> _Task item_: Make a verbatim copy of all the records. Skip every image.

+ + + +

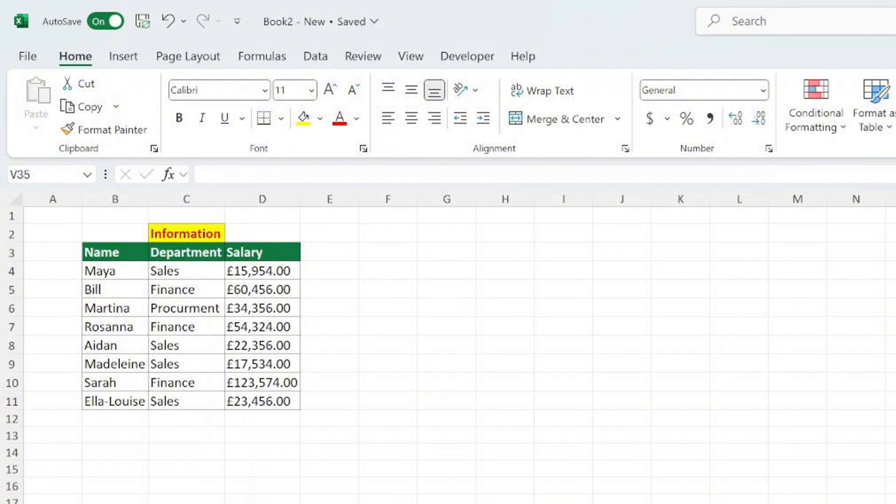Merging cells in Excel is a great way to combine multiple cells into one, often used for creating headers or organizing data visually.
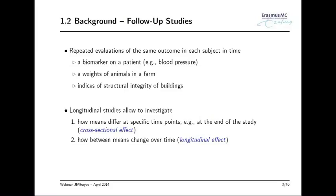Let me say a few words about the settings in which we apply these models. In general, we apply them in follow-up studies where we have one type of outcome measured in time for our sample units. Because I come from biostatistics, in my case the sample units are typically patients, where we measure biomarkers such as blood pressure or cholesterol levels. But the same type of data and problems arise in many different settings — animal studies, where we might be interested in the weight of animals, or civil engineering, measuring structural integrity indices of buildings.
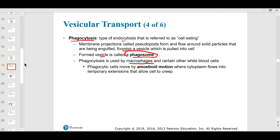Macrophages are more of a tissue cell, while white blood cells are in the bloodstream — some white blood cells become macrophages. There are five white blood cell types you'll learn. Macrophages are a big deal in phagocytosis.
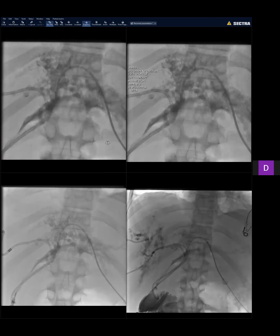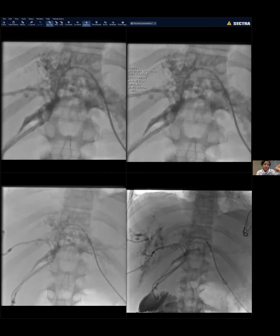Peribiliary cysts won't be seen on an angiogram because they are peribiliary and don't communicate with the bile duct system. The cystic dilatation was likely going on for a while before cholangitis developed. Drains were placed to relieve cholangitis — these patients have stasis because of the cyst formation, causing repeated episodes of cholangitis.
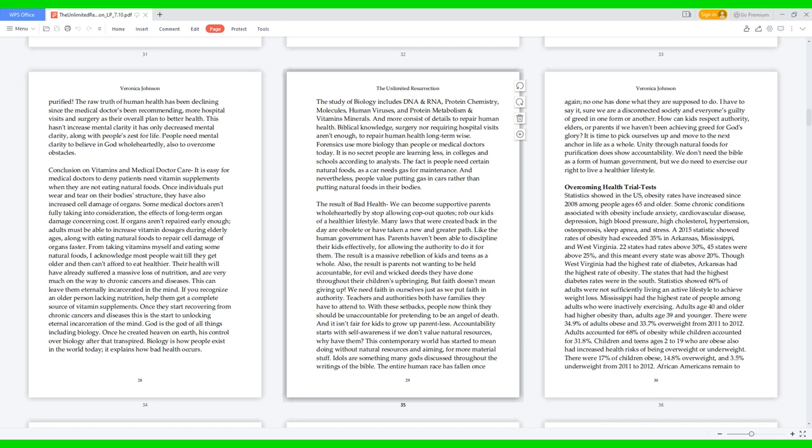God is the God of all things, including biology. Once he created heaven on earth, his control over biology after that transpired. Biology is how people exist in the world today; it explains how bad health occurs. The study of biology includes DNA and RNA, protein chemistry, molecules, human viruses, and protein metabolism and vitamins minerals. And more consist of details to repair human health. Biblical knowledge, surgery, nor requiring hospital visits aren't enough to repair human health long-term-wise. Forensics use more biology than people or medical doctors today. It is no secret people are learning less in colleges and schools according to analysts. The fact is people need certain natural foods as a car needs gas for maintenance. And nevertheless, people value putting gas in cars rather than putting natural foods in their bodies.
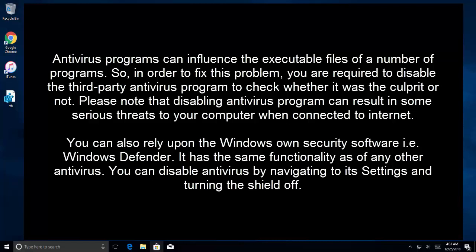You can rely upon the Windows own security software which is Windows Defender. It has same functionality as any other antivirus. You can also disable antivirus by navigating to its settings and turning the shield off.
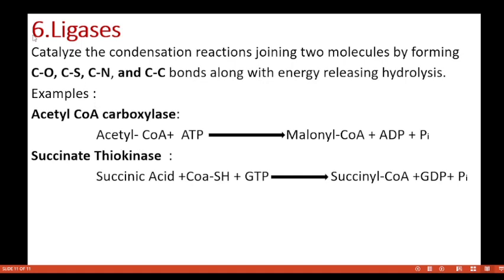The last and sixth class is ligases. They catalyze condensation reactions joining two molecules by forming carbon-oxygen, carbon-sulfur, carbon-nitrogen, or carbon-carbon bonds, along with energy-releasing hydrolysis in the form of GTP or ATP. Example: acetyl-CoA carboxylase — acetyl-CoA plus ATP is converted to malonyl-CoA plus ADP and inorganic phosphate. Succinate thiokinase converts succinate plus CoA-SH and GTP to succinyl-CoA and inorganic phosphate. This was the functional classification of enzymes.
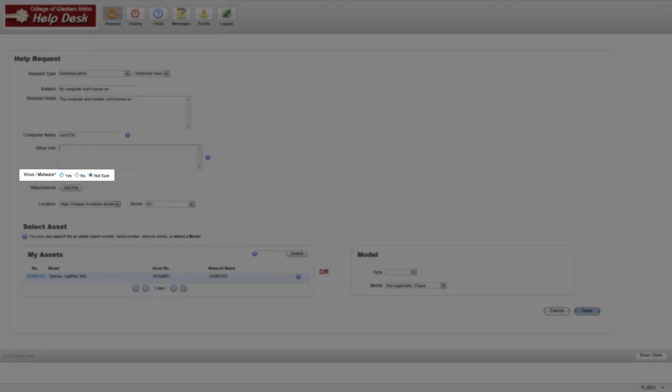For Virus Malware, select from the following three options: Yes if you have a virus, No if you do not have a virus, or Not sure.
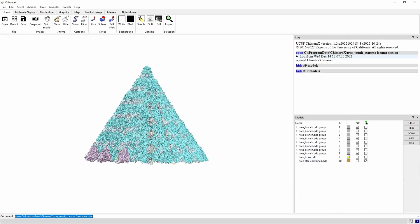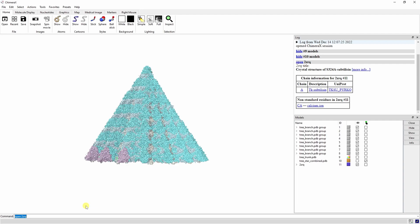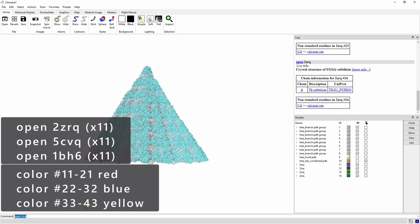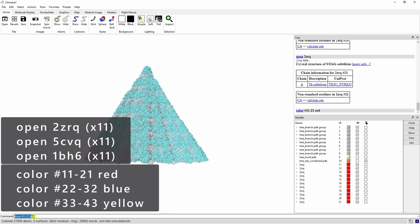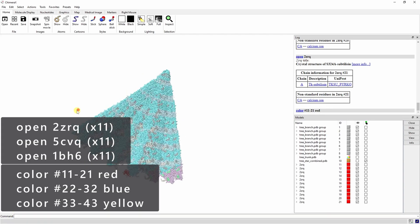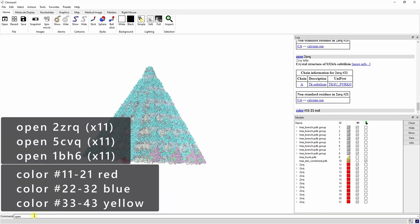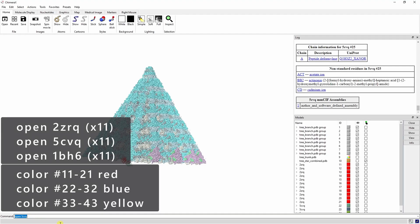Now let's open up some small spherical proteins to make the light strings. Open up 11 2ZRQs, 11 5CVQs, and 11 1BH6s. It helps to color them to keep track.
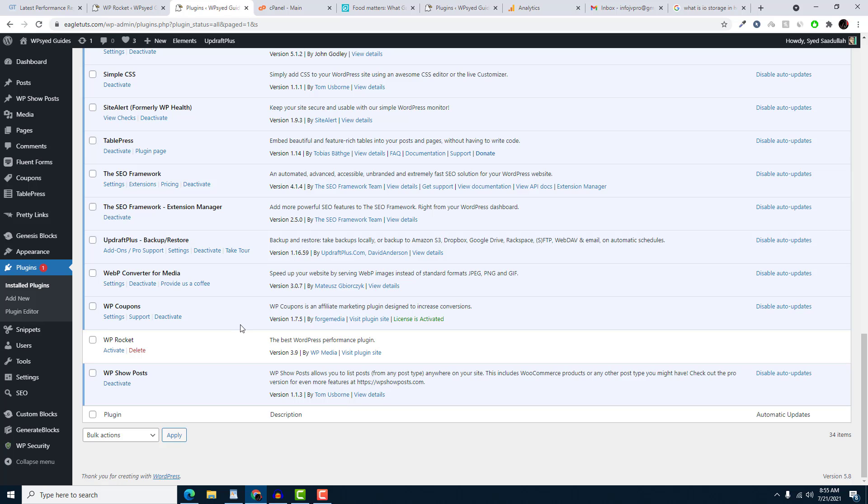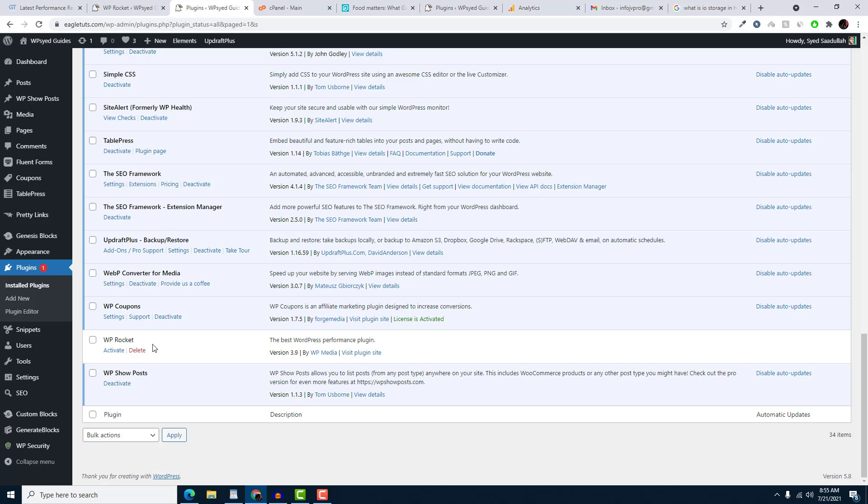Hey, welcome back to this video. I just want to show you how nulled plugins use your web hosting CPU badly. Here you can see I have the nulled version of WP Rocket, and this plugin contains a virus. It is not the original plugin. I didn't purchase this plugin from wprocket.me.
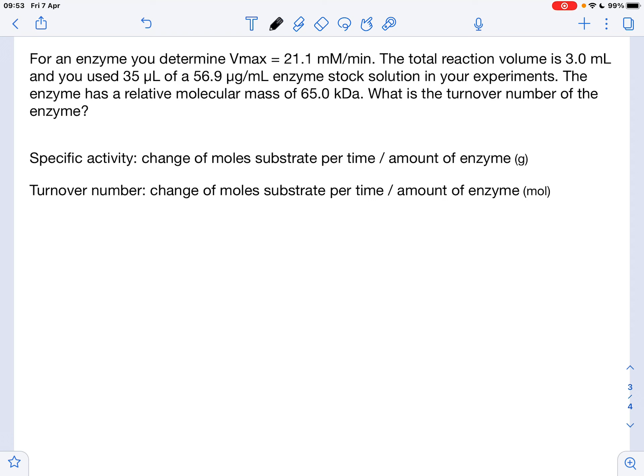So how are we going to do this? Here we have our description of the reaction. We find a Vmax of 21.1 millimolar per minute, and this is happening in a total reaction volume of 3 milliliters. We have been given what we use in terms of enzyme, and we also know that the enzyme has a molecular mass of 65,000 Dalton.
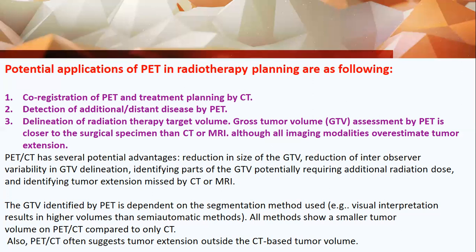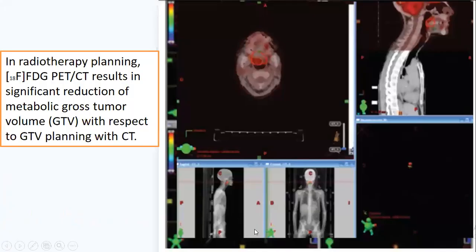All methods show a smaller tumor volume on PET-CT compared to CT scan alone, although PET-CT often suggests tumor extension outside the CT-based tumor volume. This example for radiotherapy planning using FDG shows a significant reduction in the size of the GTV compared to CT scan findings.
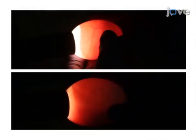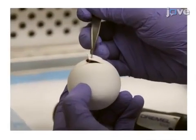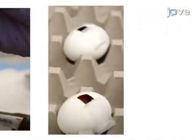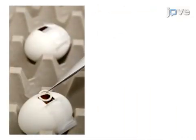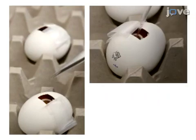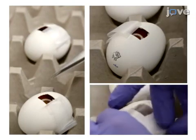As a second step, the chorioallantoic membrane, or the CAM, of the egg is dropped, and a window is cut into the eggshell. Next, the egg is inoculated with human hepatocellular carcinoma cells through the eggshell window in order to establish tumor growth.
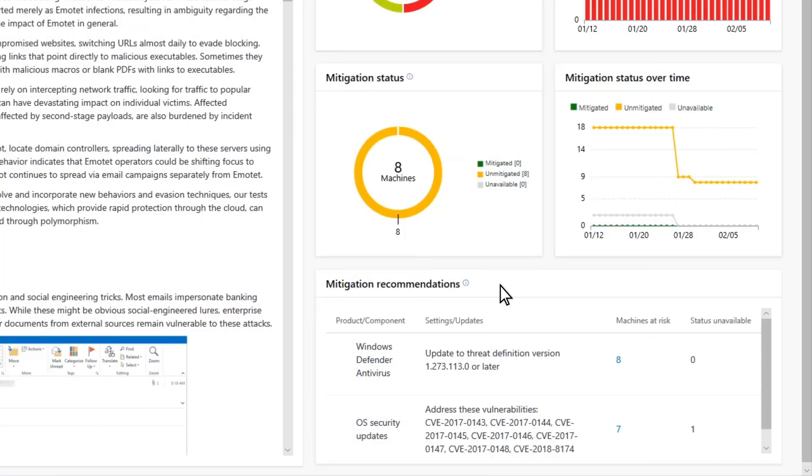Mitigation Recommendations indicates whether we're exposed to Emotet. It lists recommended mitigations that increase the organization's resilience to it. Some of these mitigations are security settings or policies. Others include updating out-of-date antivirus definitions and security updates to address common vulnerabilities and exposures, or CVEs.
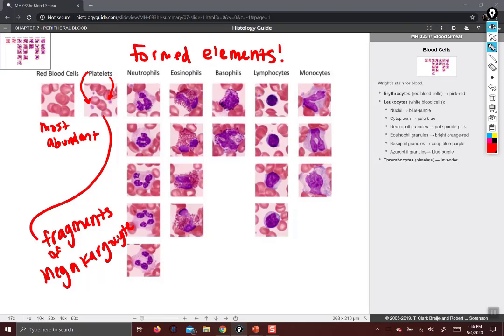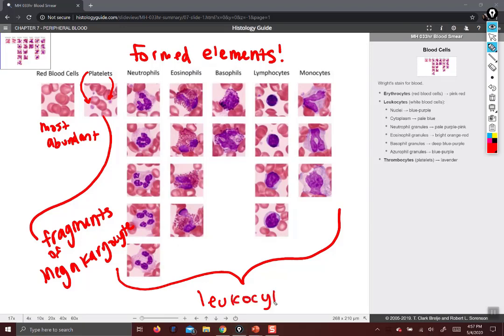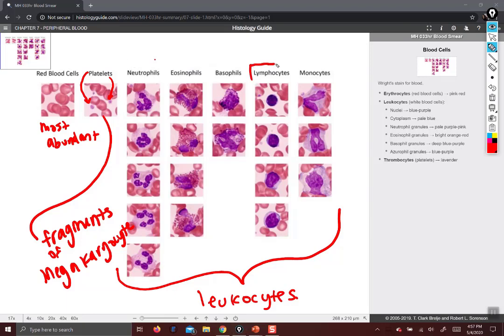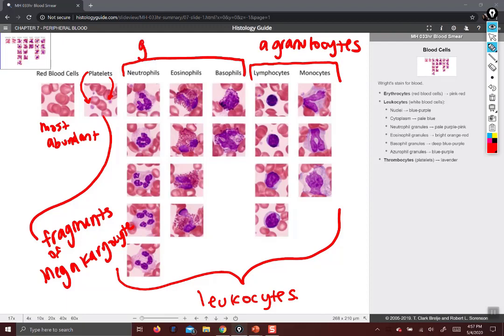Neutrophils are the most common kind of white blood cell, or leukocyte. Leukocytes is the group of cells that includes all of these. Within the leukocytes, these are the agranulocytes, and these are the granulocytes. Granulocytes just refers to the fact that they have cytoplasmic granules in them that are often quite visible.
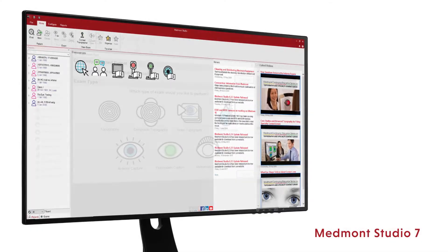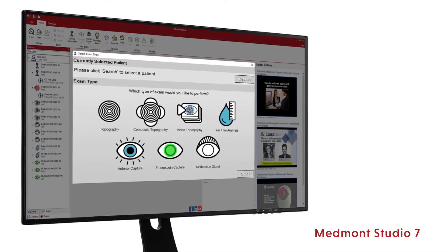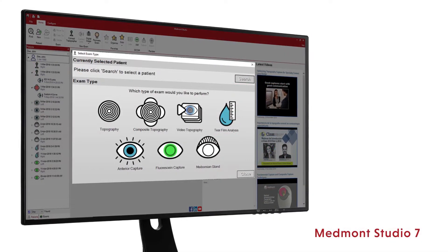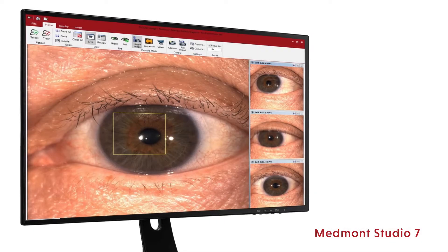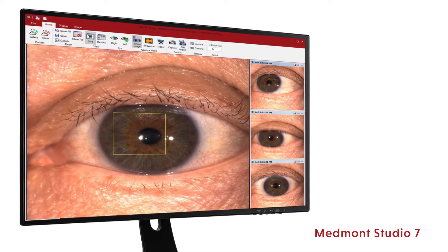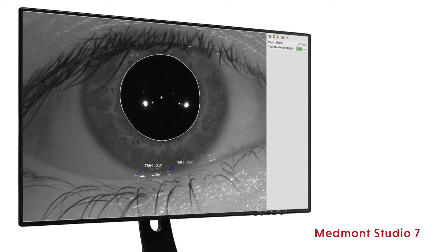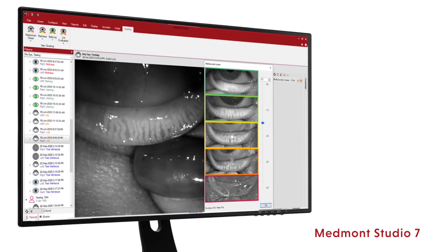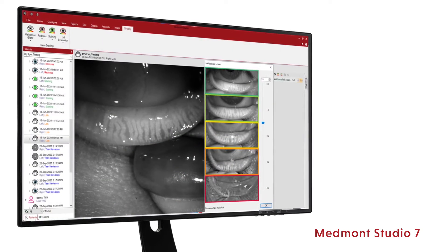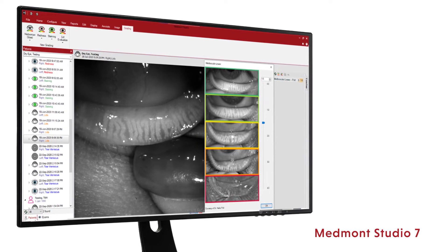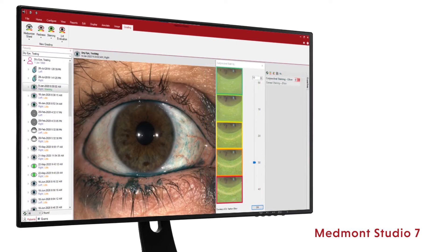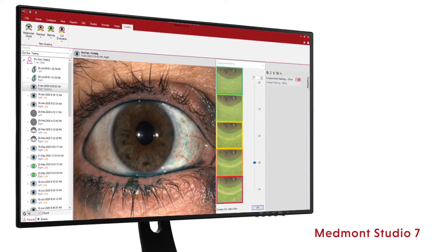The Medmont Meridia offers an entire dry eye assessment suite to assist with diagnosis, treatment, and the ongoing care of your mild, moderate, and severe ocular surface disease patients.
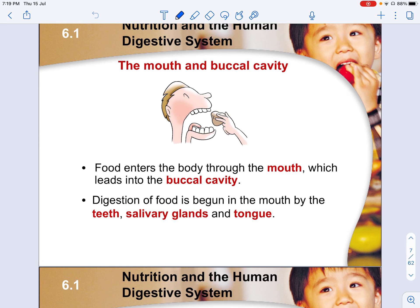The mouth, or buccal cavity, is where food enters the body. The mouth is just an opening, while the buccal cavity is the whole space within. Inside the buccal cavity, you have your teeth and salivary glands that produce enzymes and help grind food into smaller pieces for better digestion. There are two main forms of digestion occurring here: physical digestion and chemical digestion. Physical digestion is when the teeth grind food into smaller pieces, increasing surface area for salivary amylase to act on.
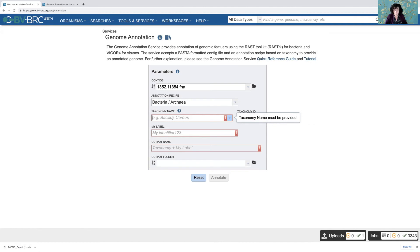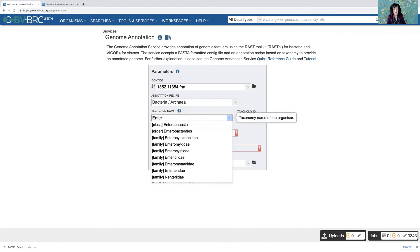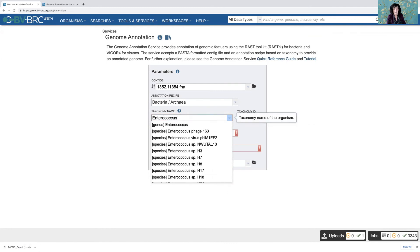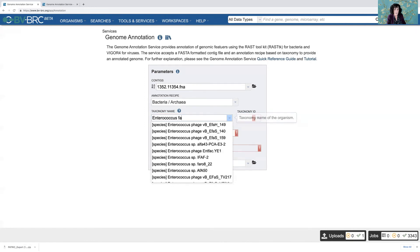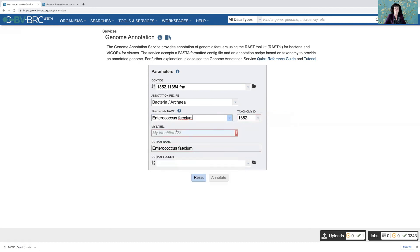But with bacteria, we want to get as far in as we can. You have to be able to spell and see it's trying as I'm typing these things in, it's trying to find text that matches. And here it tells me, look, these match. And this is the one I want. So I click on Enterococcus faecium and it also enters the taxonomy ID.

+ + + +

> _Answer to this problem_:
Merging cells in Excel is a great way to combine multiple cells into one, often used for creating headers or organizing data visually.
Let me say a few words about the settings in which we apply these models. In general, we apply them in follow-up studies where we have one type of outcome measured in time for our sample units. Because I come from biostatistics, in my case the sample units are typically patients, where we measure biomarkers such as blood pressure or cholesterol levels. But the same type of data and problems arise in many different settings — animal studies, where we might be interested in the weight of animals, or civil engineering, measuring structural integrity indices of buildings.
Macrophages are more of a tissue cell, while white blood cells are in the bloodstream — some white blood cells become macrophages. There are five white blood cell types you'll learn. Macrophages are a big deal in phagocytosis.
Peribiliary cysts won't be seen on an angiogram because they are peribiliary and don't communicate with the bile duct system. The cystic dilatation was likely going on for a while before cholangitis developed. Drains were placed to relieve cholangitis — these patients have stasis because of the cyst formation, causing repeated episodes of cholangitis.
God is the God of all things, including biology. Once he created heaven on earth, his control over biology after that transpired. Biology is how people exist in the world today; it explains how bad health occurs. The study of biology includes DNA and RNA, protein chemistry, molecules, human viruses, and protein metabolism and vitamins minerals. And more consist of details to repair human health. Biblical knowledge, surgery, nor requiring hospital visits aren't enough to repair human health long-term-wise. Forensics use more biology than people or medical doctors today. It is no secret people are learning less in colleges and schools according to analysts. The fact is people need certain natural foods as a car needs gas for maintenance. And nevertheless, people value putting gas in cars rather than putting natural foods in their bodies.
You can rely upon the Windows own security software which is Windows Defender. It has same functionality as any other antivirus. You can also disable antivirus by navigating to its settings and turning the shield off.
The last and sixth class is ligases. They catalyze condensation reactions joining two molecules by forming carbon-oxygen, carbon-sulfur, carbon-nitrogen, or carbon-carbon bonds, along with energy-releasing hydrolysis in the form of GTP or ATP. Example: acetyl-CoA carboxylase — acetyl-CoA plus ATP is converted to malonyl-CoA plus ADP and inorganic phosphate. Succinate thiokinase converts succinate plus CoA-SH and GTP to succinyl-CoA and inorganic phosphate. This was the functional classification of enzymes.
For Virus Malware, select from the following three options: Yes if you have a virus, No if you do not have a virus, or Not sure.
Now let's open up some small spherical proteins to make the light strings. Open up 11 2ZRQs, 11 5CVQs, and 11 1BH6s. It helps to color them to keep track.
Hey, welcome back to this video. I just want to show you how nulled plugins use your web hosting CPU badly. Here you can see I have the nulled version of WP Rocket, and this plugin contains a virus. It is not the original plugin. I didn't purchase this plugin from wprocket.me.
So how are we going to do this? Here we have our description of the reaction. We find a Vmax of 21.1 millimolar per minute, and this is happening in a total reaction volume of 3 milliliters. We have been given what we use in terms of enzyme, and we also know that the enzyme has a molecular mass of 65,000 Dalton.
All methods show a smaller tumor volume on PET-CT compared to CT scan alone, although PET-CT often suggests tumor extension outside the CT-based tumor volume. This example for radiotherapy planning using FDG shows a significant reduction in the size of the GTV compared to CT scan findings.
As a second step, the chorioallantoic membrane, or the CAM, of the egg is dropped, and a window is cut into the eggshell. Next, the egg is inoculated with human hepatocellular carcinoma cells through the eggshell window in order to establish tumor growth.
Mitigation Recommendations indicates whether we're exposed to Emotet. It lists recommended mitigations that increase the organization's resilience to it. Some of these mitigations are security settings or policies. Others include updating out-of-date antivirus definitions and security updates to address common vulnerabilities and exposures, or CVEs.
Neutrophils are the most common kind of white blood cell, or leukocyte. Leukocytes is the group of cells that includes all of these. Within the leukocytes, these are the agranulocytes, and these are the granulocytes. Granulocytes just refers to the fact that they have cytoplasmic granules in them that are often quite visible.
The Medmont Meridia offers an entire dry eye assessment suite to assist with diagnosis, treatment, and the ongoing care of your mild, moderate, and severe ocular surface disease patients.
The mouth, or buccal cavity, is where food enters the body. The mouth is just an opening, while the buccal cavity is the whole space within. Inside the buccal cavity, you have your teeth and salivary glands that produce enzymes and help grind food into smaller pieces for better digestion. There are two main forms of digestion occurring here: physical digestion and chemical digestion. Physical digestion is when the teeth grind food into smaller pieces, increasing surface area for salivary amylase to act on.
But with bacteria, we want to get as far in as we can. You have to be able to spell and see it's trying as I'm typing these things in, it's trying to find text that matches. And here it tells me, look, these match. And this is the one I want. So I click on Enterococcus faecium and it also enters the taxonomy ID.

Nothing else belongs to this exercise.